The values in these columns show the [mean] of the projected annual cyclone risk for a specific asset in a particular year under the [Strong Mitigation] scenario. For example, Asset X has a Tropical Cyclone risk projection value of [0.5] in [2045]. This means that in [2045], we project a [50]% probability of at least one hit by a category 3/4/5 cyclone within a 241km radius of the asset under the [Strong Mitigation] scenario.

Forward looking unified wildfire datasets

This section will look at CSVs with the Reporting Data Type {reporting_data_type} of wildfire_unified_prob: sustglobal_asset_fwd_wildfire_unified_prob_risk_{dataset_name}_{ScenarioID}.csv

In this example, we will look at the following dataset: sustglobal_asset_fwd_wildfire_unified_prob_risk_MRTG_demo_ssp126.csv

This dataset shows the forward looking median annual unified wildfire risk for the selected portfolio, under an ssp126 scenario (Strong Mitigation).

Fig 19A: forward looking Unified wildfire risk CSV

Interpretation of YYYY column

The values in these columns show the median projected annual Wildfire Susceptibility values for a specific asset under the [Strong Mitigation] scenario.

For example, Asset X has a wildfire probability risk projection value of [0.05] in [Jan, 2023]. This means that in the year [2023], we project a [5]% probability of a wildfire occurring within 1km of the asset under the [Strong Mitigation] scenario.

Forward looking flood risk datasets

This section will look at CSVs with the Reporting Data Type {reporting_data_type} of flood: sustglobal_asset_fwd_flood_risk_{dataset_name}_{ScenarioID}.csv

In this example, we will look at the following dataset: sustglobal_asset_fwd_flood_risk_MRTG_demo_ssp126.csv This dataset shows the forward looking median annual Inland Flooding risk for the selected portfolio, under an ssp126 scenario (Strong Mitigation).

Fig 21: forward looking Inland Flooding risk CSV

Interpretation of YYYY column

The values in these columns show the median projected annual Inland Flooding risk values for a specific asset under the [Strong Mitigation] scenario.

For example, Asset X has an Inland Flooding risk projection value of [0.1] in [Jan, 2023]. This means that in the year [2023], we project a [10]% probability of exposure to a flood under the [Strong Mitigation] scenario.
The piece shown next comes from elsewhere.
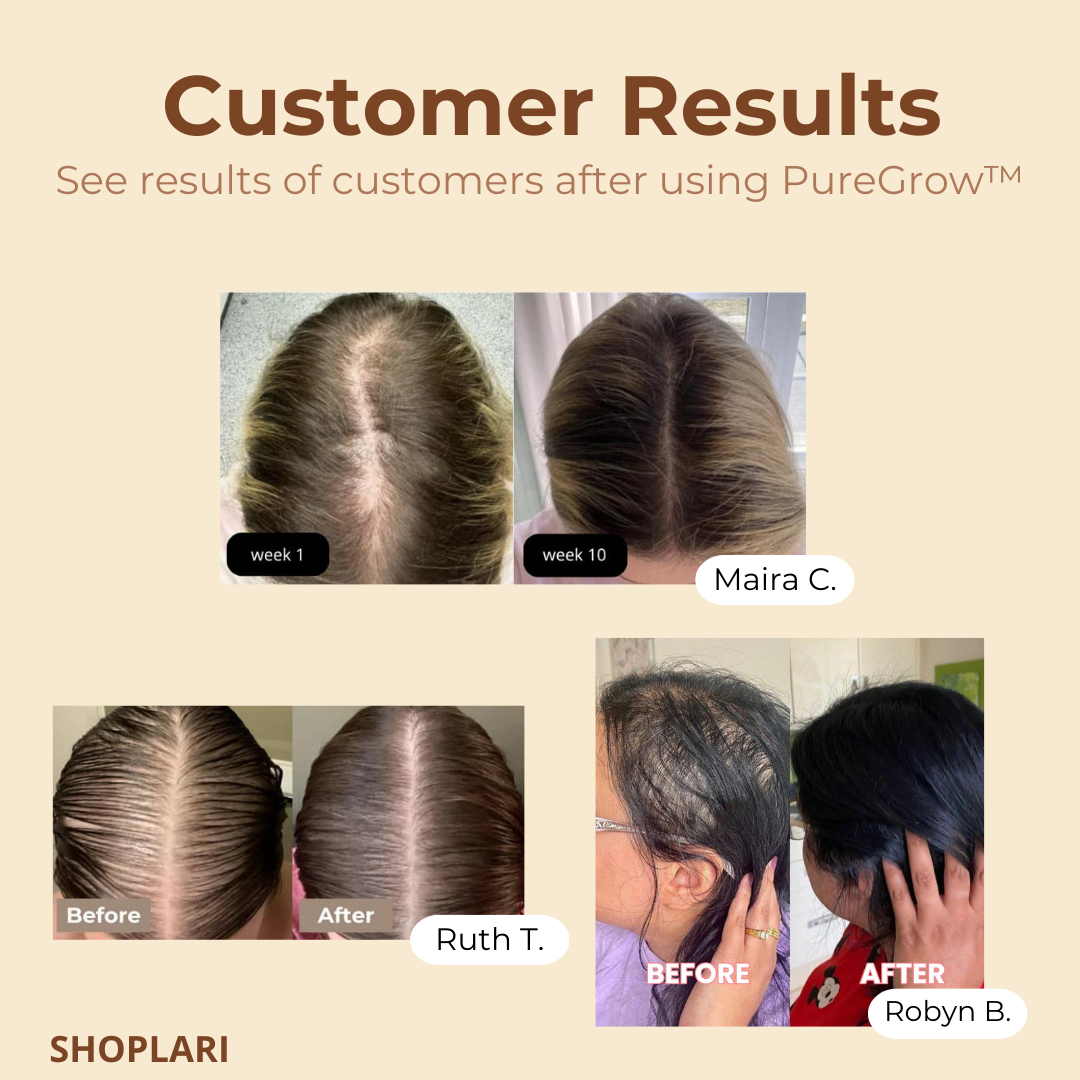 PureGrow™ – Soin intensif du cuir chevelu pour des cheveux en pleine santé [50 % de réduction]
Forward looking heatwave risk datasets

This section will look at CSVs with the Reporting Data Type {reporting_data_type} of heatwaves: sustglobal_asset_fwd_heatwaves_risk_{dataset_name}_{ScenarioID}.csv

In this example, we will look at the following dataset: sustglobal_asset_fwd_heatwaves_risk_MRTG_demo_ssp126.csv This dataset shows the forward looking median annual Heatwave risk for the selected portfolio, under an ssp126 scenario (Strong Mitigation).
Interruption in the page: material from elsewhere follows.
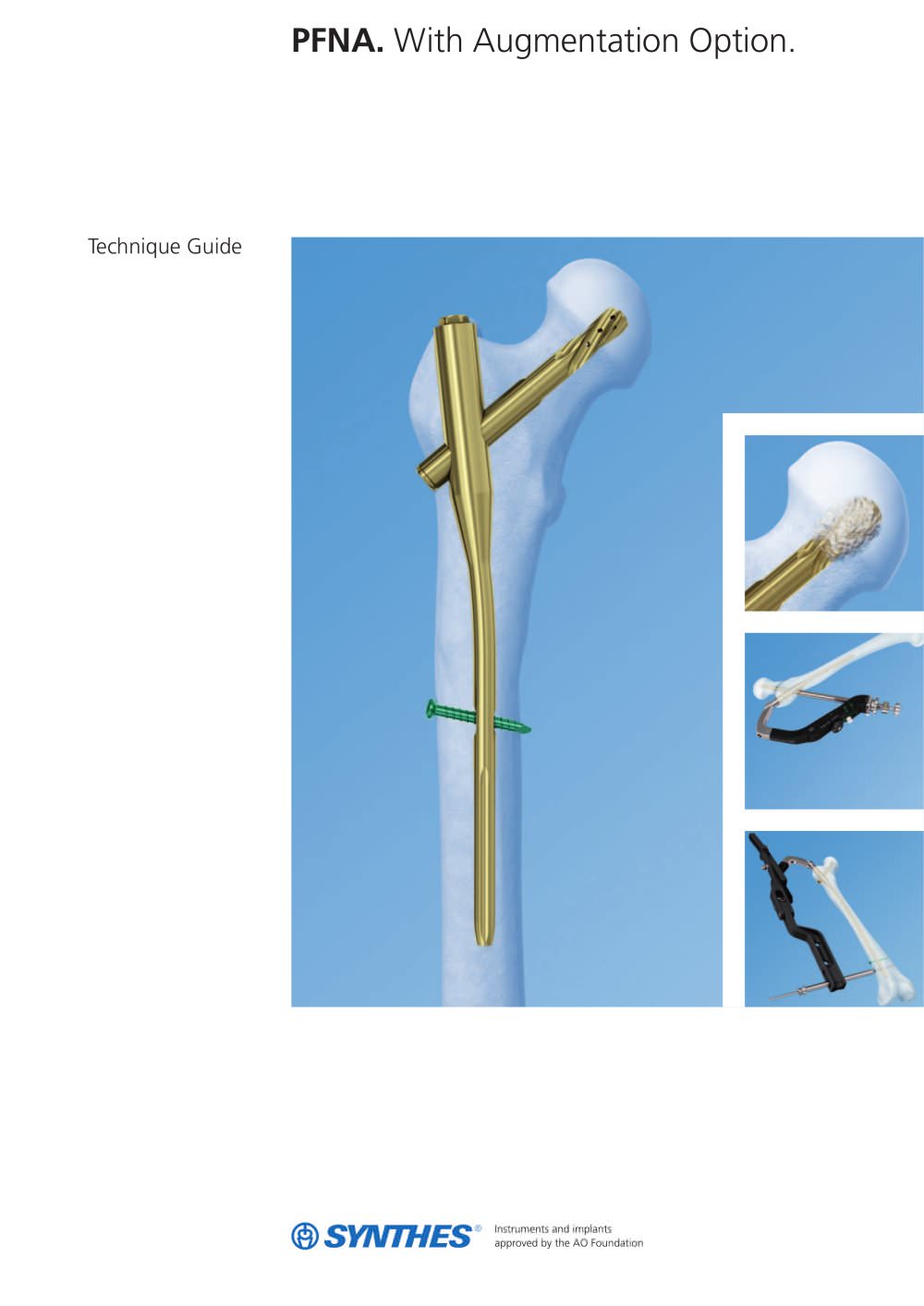 PFNA - Depuy Synthes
Fig 22: Forward Looking Heatwave risk CSV

Interpretation of YYYY column

The values in these columns show the median projected annual Heatwave risk values for a specific asset under the [Strong Mitigation] scenario.
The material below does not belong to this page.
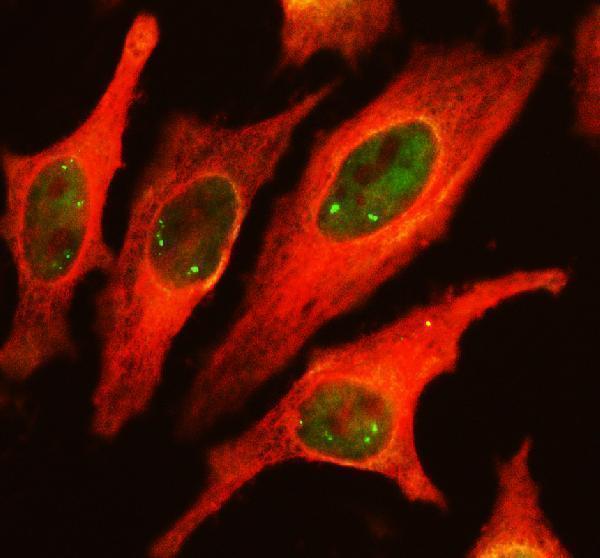 a10794 1 evx1 primary antibodies if testing 1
For example, Asset X has a Heatwave risk projection value of [108] in [Jan, 2023]. This means that in the year [2023], we project [108] heatwave days under the [Strong Mitigation] scenario.

Forward looking sea level rise (SLR) risk datasets

This section will look at CSVs with the Reporting Data Type {reporting_data_type} of sea level rise: sustglobal_asset_fwd_SLR_risk_{dataset_name}_{ScenarioID}.csv In this example, we will look at the following dataset: sustglobal_asset_fwd_SLR_risk_MRTG_demo_ssp126.csv This dataset shows the forward looking median annual SLR risk for the selected portfolio, under an ssp126 scenario (Strong Mitigation).

Fig 23: Forward Looking sea level rise risk CSV

Interpretation of YYYY column

The values in these columns show the median projected annual Sea Level Rise risk values for a specific asset under the [Strong Mitigation] scenario.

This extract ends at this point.